Une annonce qui n’a rien à voir avec les agissements du CN

Mercredi, le quotidien La Presse nous apprenait que leCanadien National (CN) avait détruit sans autorisation un milieu humide à Longueuil, qui abritait l’un des derniers habitats de la rainette faux-grillon.

Mais l’annonce du nouveau règlement concernant les milieux naturels n’a rien à voir avec cet incident.

«C’est un malheureux hasard», a indiqué la mairesse de Longueuil, Catherine Fournier, en précisant que c’est en août 2021 que le CN a remblayé une partie de l’habitat de la rainette faux-grillon au marais Darveau et que c’est en réalisant l’inventaire du batracien il y a quelques semaines que des organismes environnementaux ont constaté la destruction d’un milieu humide, comme l’a rapporté La Presse.

Malheureusement, le nouveau règlement ne permettra pas de s’assurer qu’un tel événement ne se reproduise, a indiqué la mairesse, en raison du statut de cette entreprise qui est de juridiction fédérale.

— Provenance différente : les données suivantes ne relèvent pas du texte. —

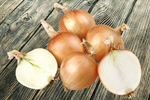 Сlipart Onion Isolated White Shallot Yellow   BillionPhotos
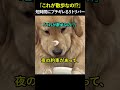 「これが散歩なの」短時間にブチギレるリトリバー
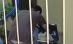 Moarte suspectă. O avocată de 30 de ani, descoperită cu gâtul tăiat în casă (VIDEO)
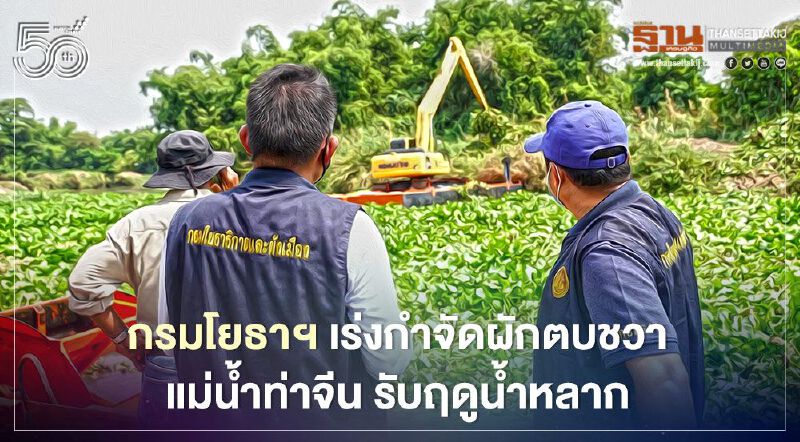 กรมโยธาฯ เร่งกำจัดผักตบชวาแม่น้ำท่าจีน รับฤดูน้ำหลาก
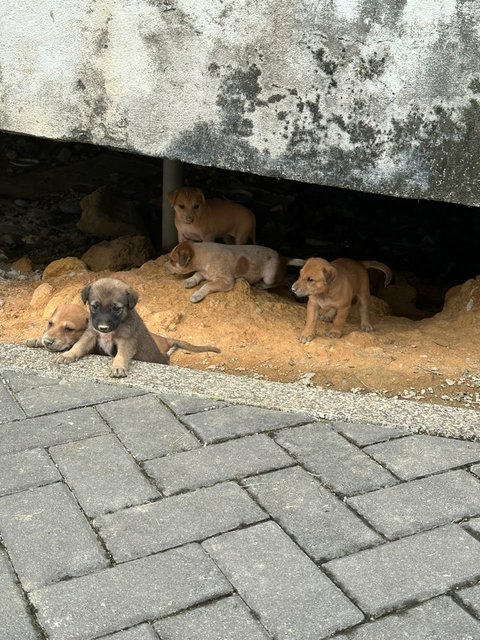 Litter Of 8 Puppies - Mixed Breed Dog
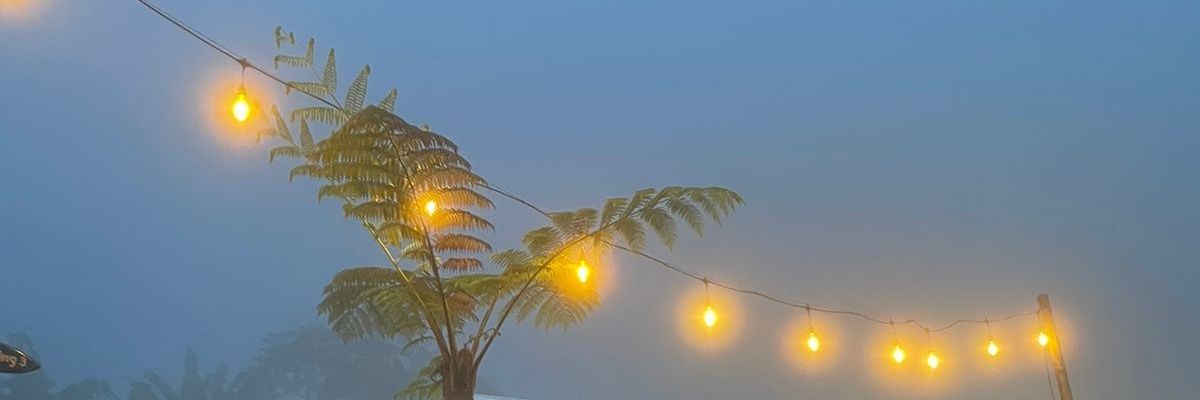 syandrafara's profile banner image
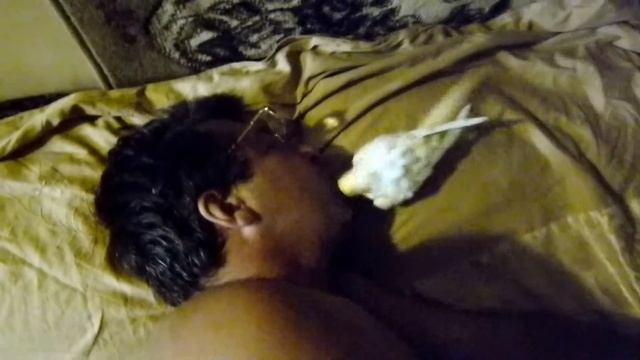 Попугайка-целовайка смотреть онлайн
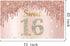 Sweet 16th Birthday Banner Backdrop Decorations for Girls, Rose Gold 16 Birthday Party Sign Supplies, Pink Poster Decor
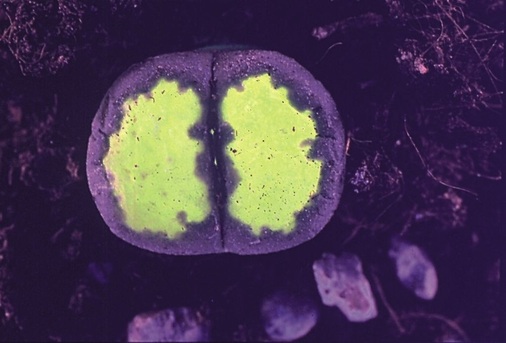 Bild 13: „Lebender Stein“, Gattung Lithops, von unten durchleuchtet (umgekehrter Strahlengang) zur Darstellung der „Fenster“.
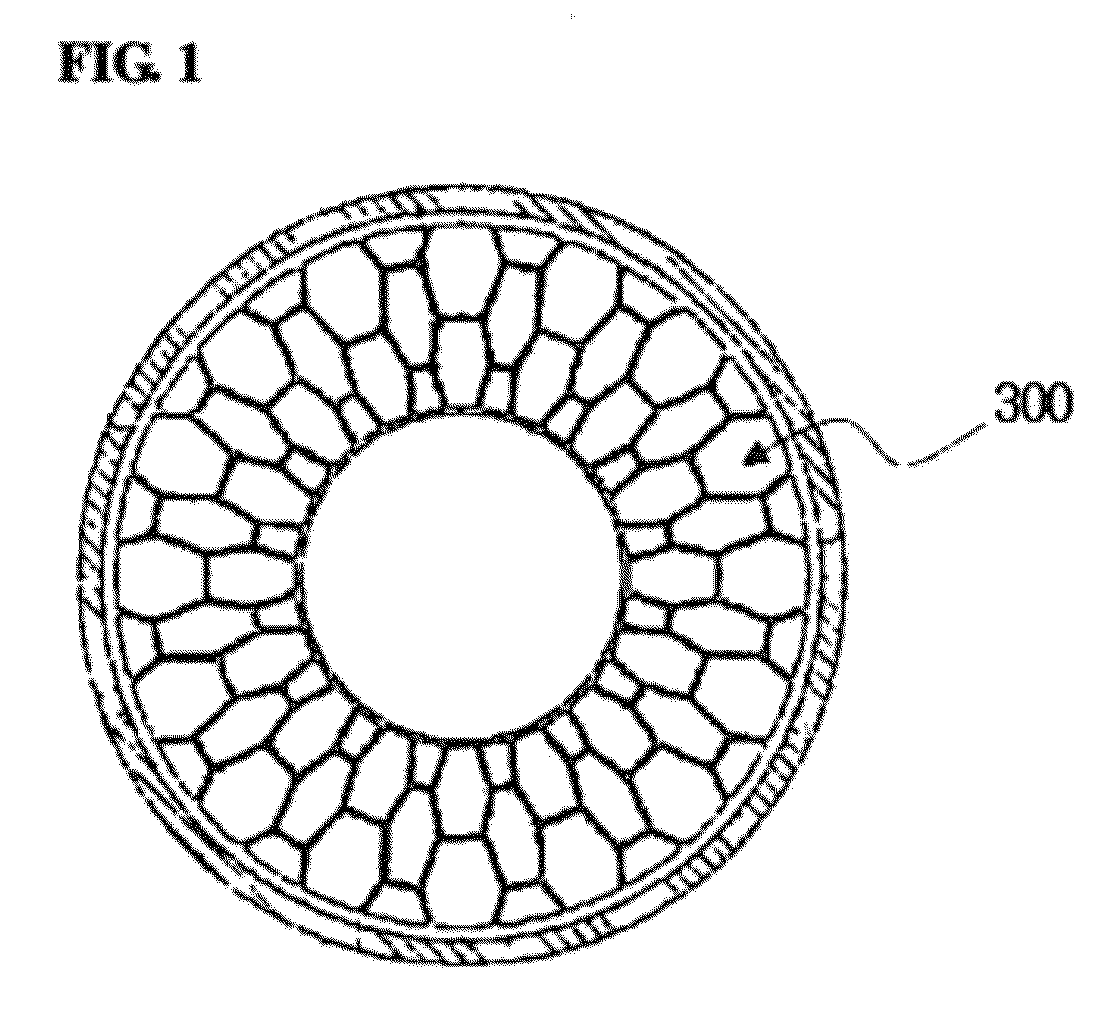 Airless tire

Une campagne de communication

Lors du point de presse, le directeur général de la CMM, Massimo Iezzoni, a indiqué qu’il ne craignait pas que la protection éventuelle de 22 % du territoire du Grand Montréal puisse effrayer certains promoteurs.

«Ce que les promoteurs demandent, c’est de la prévisibilité, alors aujourd’hui on transmet un règlement de contrôle intérimaire, mais la prochaine étape, on va devoir avoir une campagne de promotion pour aviser tous nos partenaires et nos  promoteurs qu’il y a maintenant, à l’échelle métropolitaine, un élément de protection qui s’applique au niveau des municipalités», a précisé M. Iezzoni.

Une cartographie interactive de l’ensemble des milieux protégés sera bientôt publiée et le nouveau règlement devrait entrer en vigueur dès son approbation par la ministre des Affaires municipales et de l’Habitation, dans un délai maximal de 60 jours.